Suicide Silence play 8's on the new cd, but they ride the lower strings the whole time.
All Shall Perish actually PLAY their 7's, and have a pair of amazing guitarist.
BOO had Tosin Abasi in the line up for a while, 'nuff said.
Whitechapel is fucking killer. 
<--WC fanboy.

Fit for an Autopsy use 7's, and one of their guitarists is here (shreditup). 

Now, someone define good "deathcore", and then define "new/modern death metal"


----------



## ittoa666 (Apr 27, 2010)

Should we fly the skull and crossbones on this thread infinity?


----------



## Chickenhawk (Apr 27, 2010)

ittoa666 said:


> Should we fly the skull and crossbones on this thread infinity?


 






abso-fucking-lutley.

I'll start. I hate Carnifex. Their first album was decent (as the emergence of deathcore had just started, I guess) But the second album SUCKED. 

sounded to me like they wrote a random riff, then breakdown, then random riff, then breakdown, dissonite breakdown, random riff.

But, most metal heads I talk to seem to think the second album was better.
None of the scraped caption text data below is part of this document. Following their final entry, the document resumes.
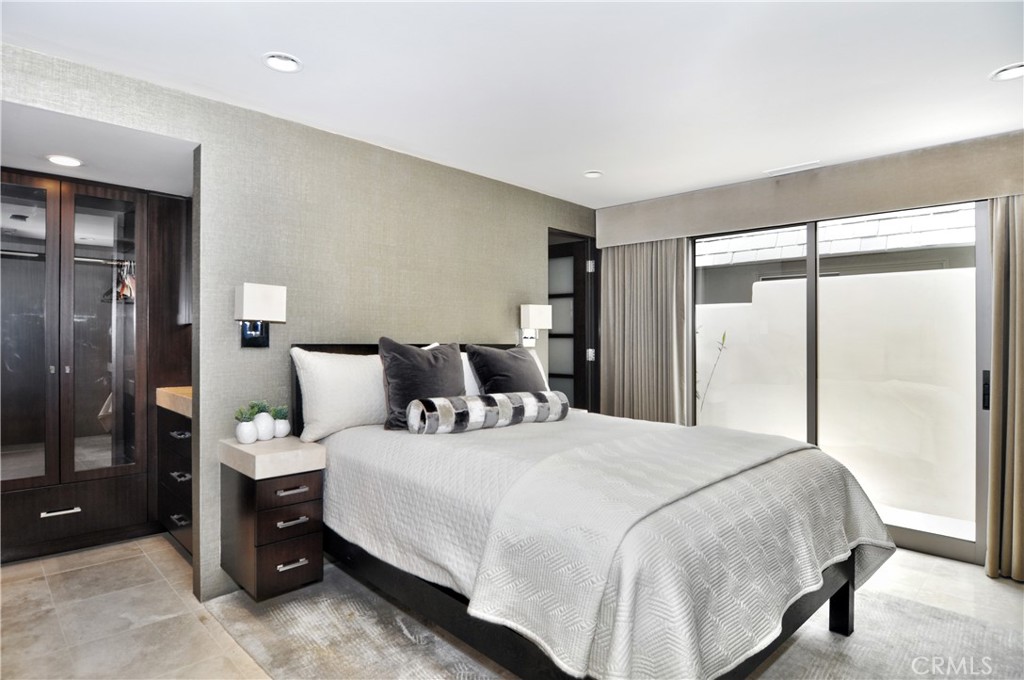 Residential Lease for rent at 71 Linda Isle, Newport Beach CA featuring 4 beds and 5 baths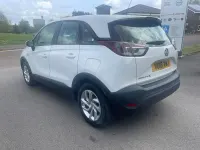 Used Vauxhall Crossland X 81 HP (59 kW) 2018 White SUV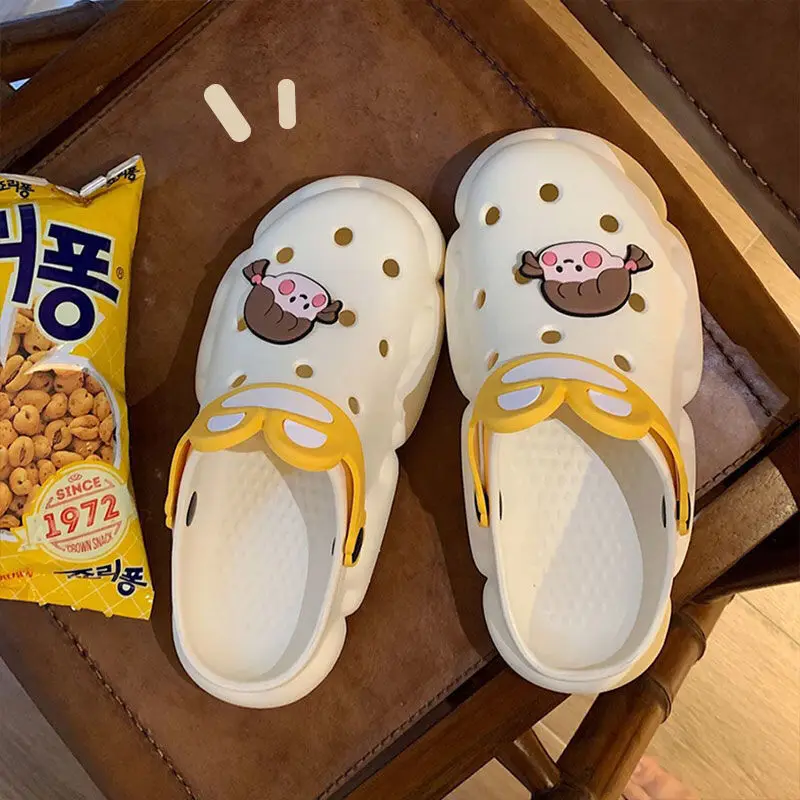 

Hole Shoes Female Summer Cute Girls Heart Students Ins Cartoon Anti-odor Package Head Thick Bottom Beach Sandals Slippers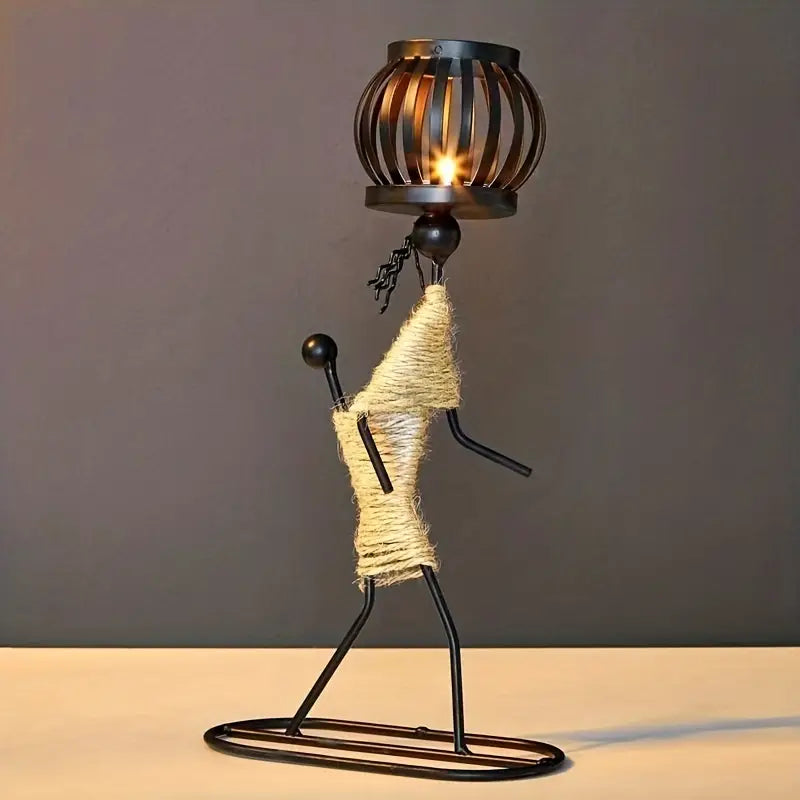 Variant image for Retro Elegant Kaarsholder i Metal - Håndlavet Design til Salontabel, 24,5 cm x 14 cm, Minimalistisk Indretning-4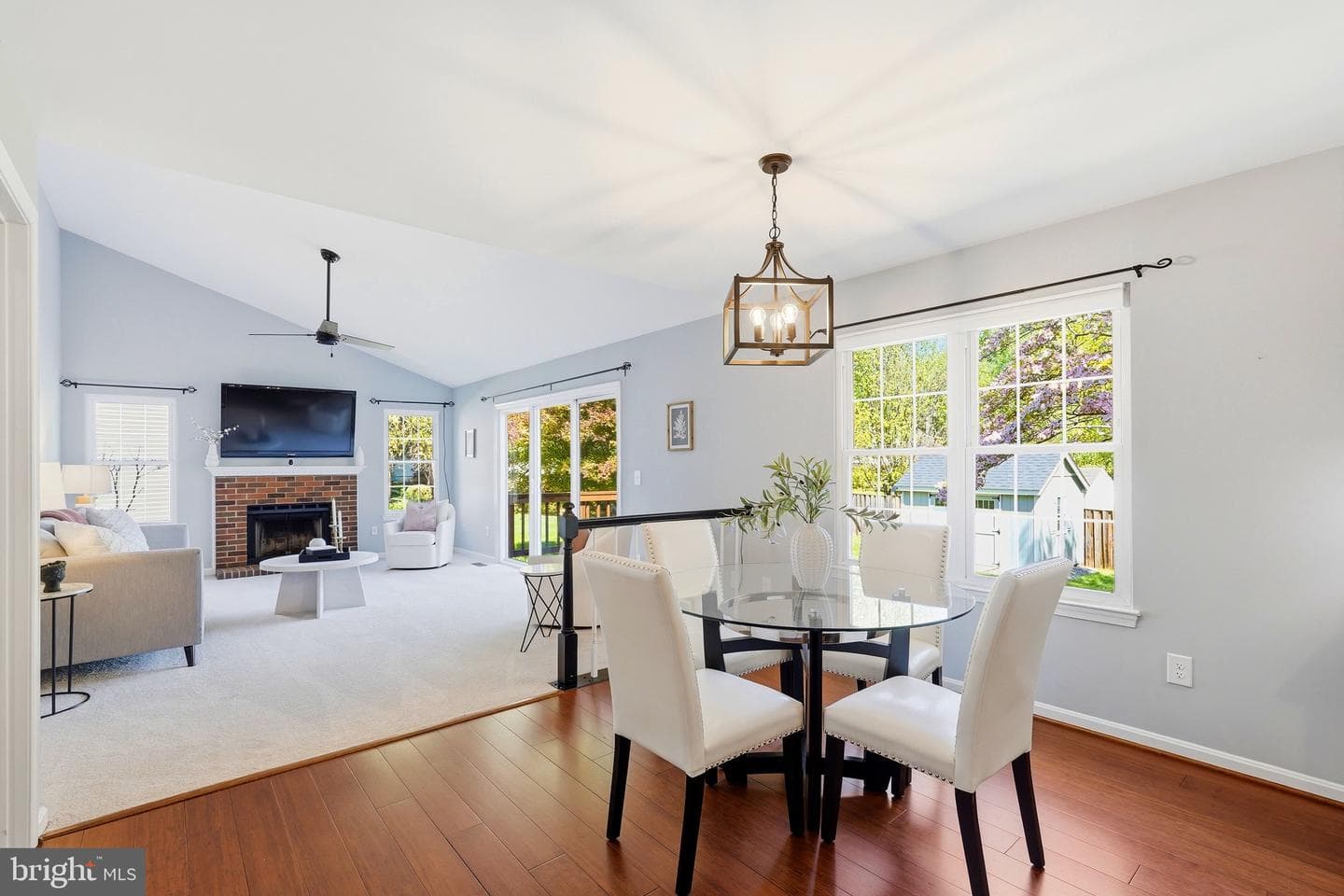 210 Foxborough Drive SW photo 30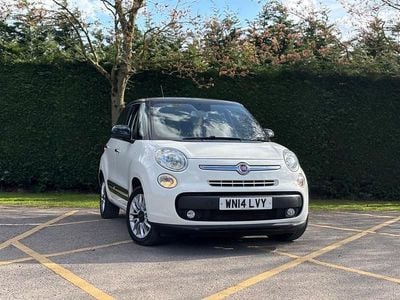 Used Fiat 500L Lounge 85 HP (62 kW) 2014 White/black MPV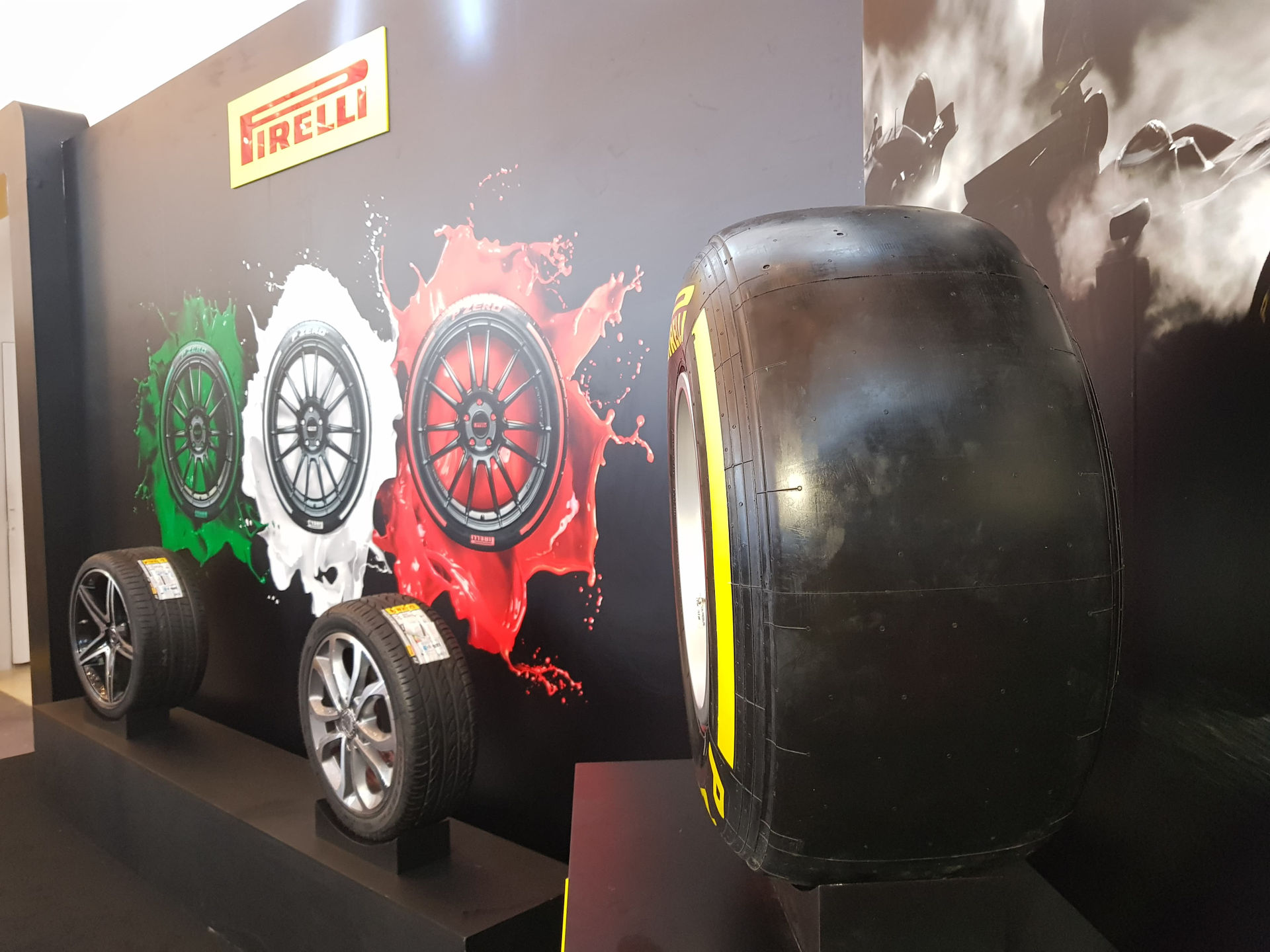 Đây là loại lốp chuyên dùng cho các  dòng xe đua Công thức 1 (F1) do Pirelli sản xuất. Ảnh: Lê Hải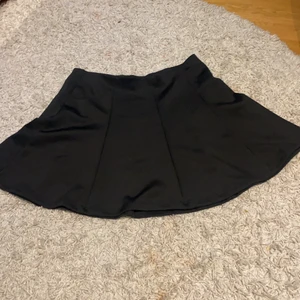 Kjol - Aldrig använd 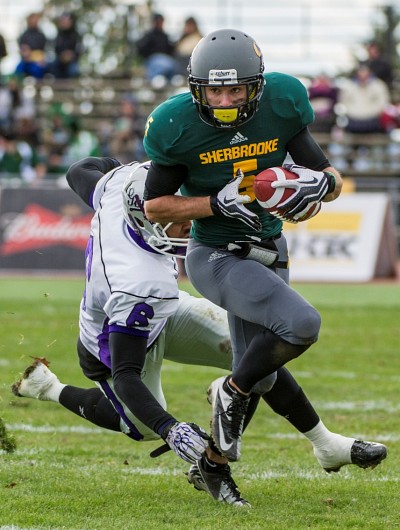 Francis Lapointe est l'un des trois porte-couleurs Vert & Or qui sera dans l'alignement de l&rsquo;&eacute;quipe de l&rsquo;Est lors du prochain D&eacute;fi Est-Ouest de football universitaire le 11 mai.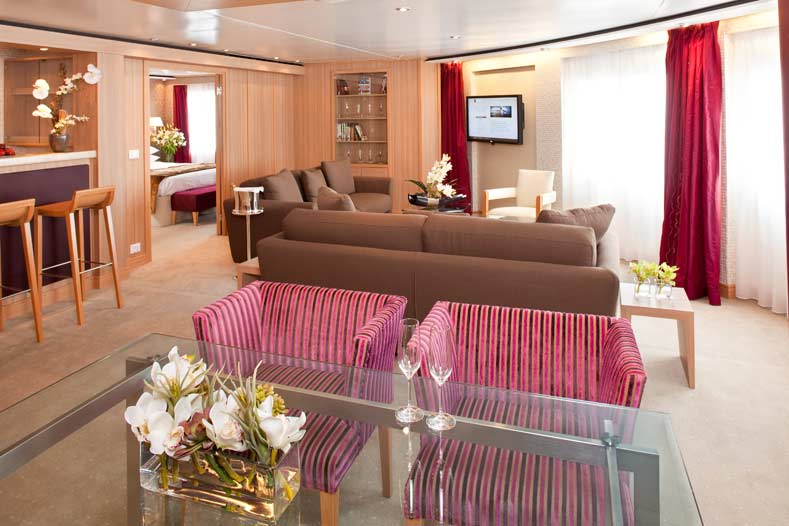 Seabourn Odyssey - Signature Suit (SS)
Strange, considering most of my "metal" friends are Cannibal Corspe or Suffocation fanboys, and hate anything with breakdowns.


----------



## ittoa666 (Apr 27, 2010)

I love cannibal corpse, but all shall perish blows my mind every time. Price of existence is phenomenal. And I don't mind a GOOD breakdown, like one with a strange time sig or added notes that aren't based on the open e.

I never got into carnifex just cause I figured they were just a bad SS ripoff. They follow the riff-breakdown-riff-breakdown formula to close for me to enjoy it. 

I really consider Dying Fetus and The Red Chord the only "real" deathcore bands.


----------



## Chickenhawk (Apr 27, 2010)

ASP bored me with the new album. Sounded like they were just trying to break away from the 'deathcore' thing, by playing as fast as possible, and shoving a sweep into every space they could. 

The Red Chord is crushing. I love them.


----------



## Metalus (Apr 27, 2010)

Through The Eyes Of The Dead (They use JP7's)
Chelsea Grin (I think)
Oceano


----------



## ittoa666 (Apr 27, 2010)

infinitycomplex said:


> ASP bored me with the new album. Sounded like they were just trying to break away from the 'deathcore' thing, by playing as fast as possible, and shoving a sweep into every space they could.
> 
> The Red Chord is crushing. I love them.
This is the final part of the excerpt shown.